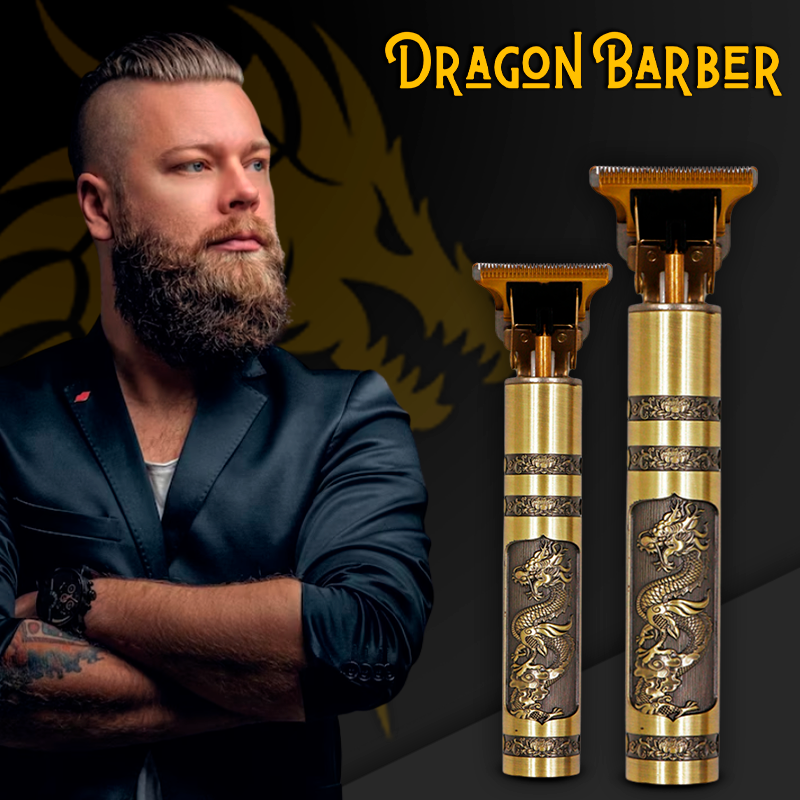 Maquina Profissional de Barbear Depilar e para Cabelo - DragonBarber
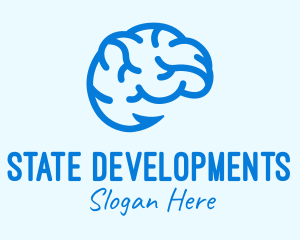 Blue Brain Hook logo design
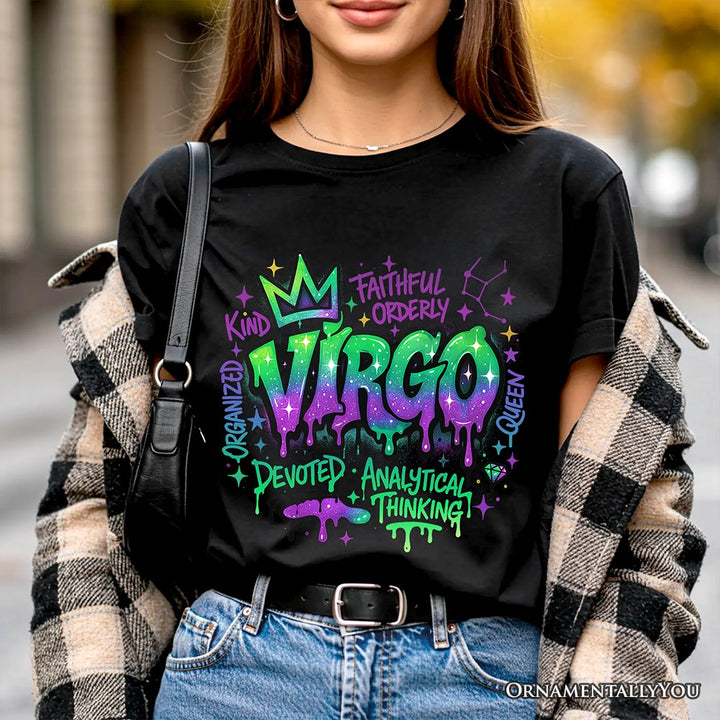 Virgo Graffiti Zodiac T-Shirt, Street Style Astrology Horoscope Tee T-Shirts OrnamentallyYou 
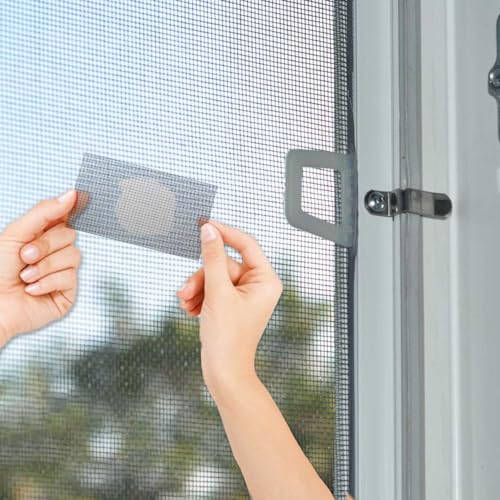 3-Layer Strong Waterproof Adhesive Screen Repair Tape - Instantly Fix Holes & Tears - Fiberglass Repair Kit - Gray (1.97x78.7 Inches) - Thumbnail 5
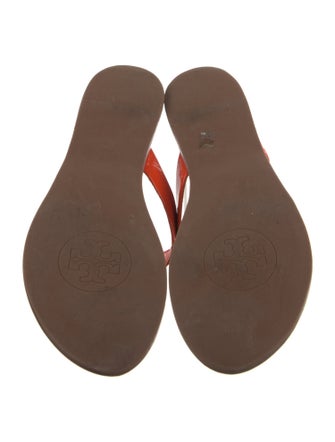 Tory Burch Patent Leather Slides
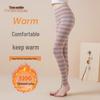 Women's Striped Cotton Thermal Leggings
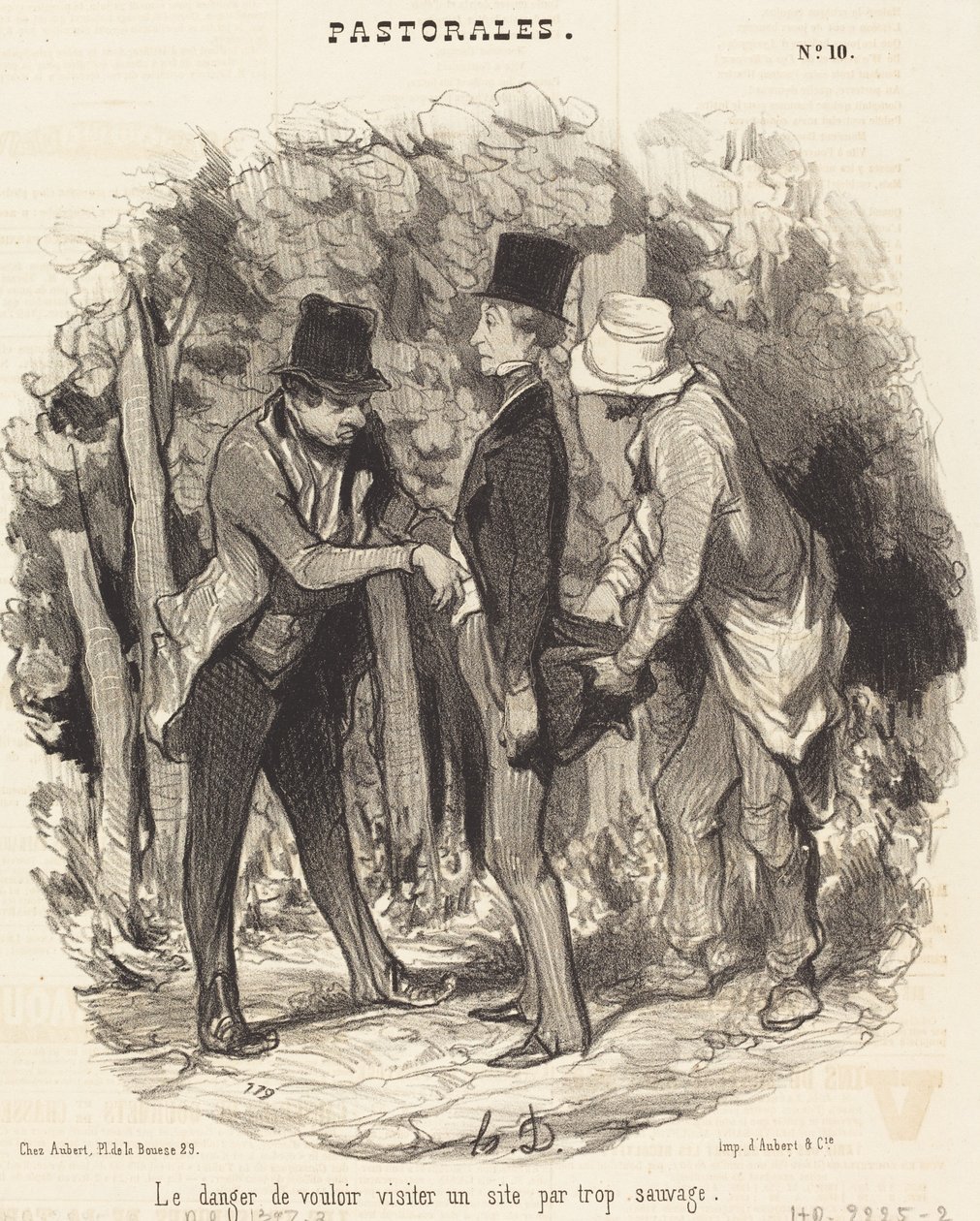 Faren ved... at besøge et websted, der er for vildt af Honoré Daumier
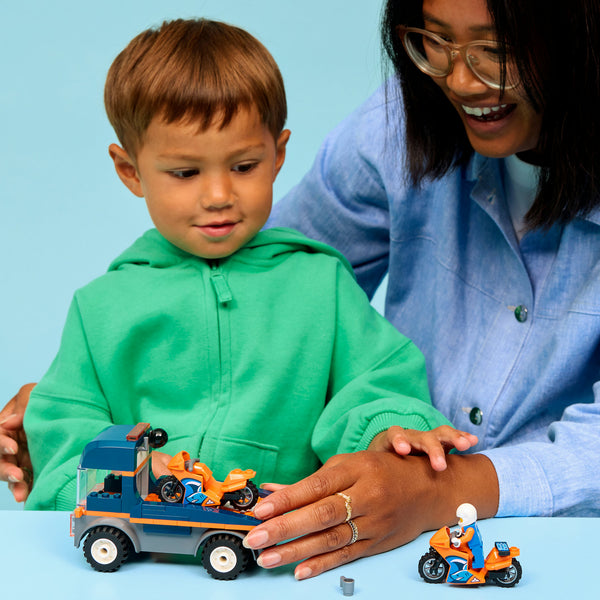 LEGO® City Motorcycle Transporter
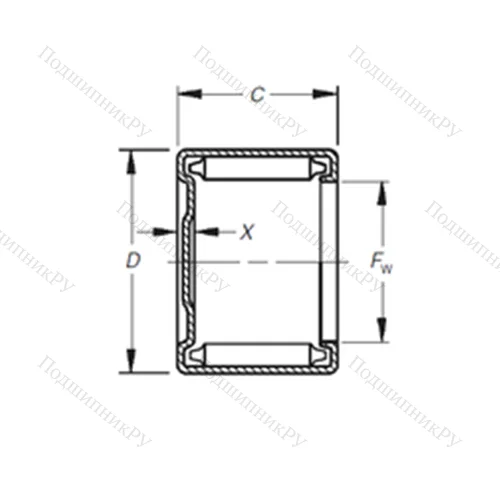 Подшипник игольчатый радиальный MH-16121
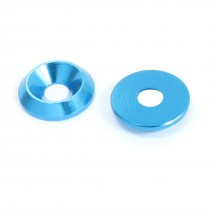 2 Pcs 16mm Dia Blue Aluminium Alloy Spacer Washer for 5mm Shaft RC Model
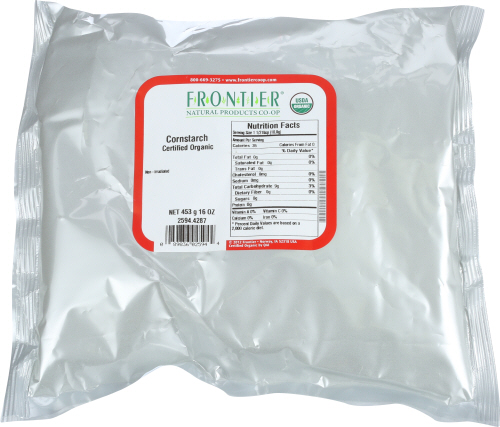 Picture of Frontier KHLV00630582 Organic Corn starch Powder - 16 oz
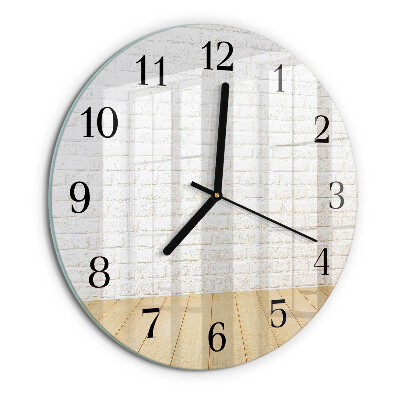 Orologio rotondo Mattone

---+---

**Task brief:** From the line that contains "Подшипник игольчатый радиальный MH-16121" down to the final line of the entries above, please copy each line exactly, excluding pictures.

**The answer:**
 Подшипник игольчатый радиальный MH-16121
 2 Pcs 16mm Dia Blue Aluminium Alloy Spacer Washer for 5mm Shaft RC Model
 Picture of Frontier KHLV00630582 Organic Corn starch Powder - 16 oz
 Orologio rotondo Mattone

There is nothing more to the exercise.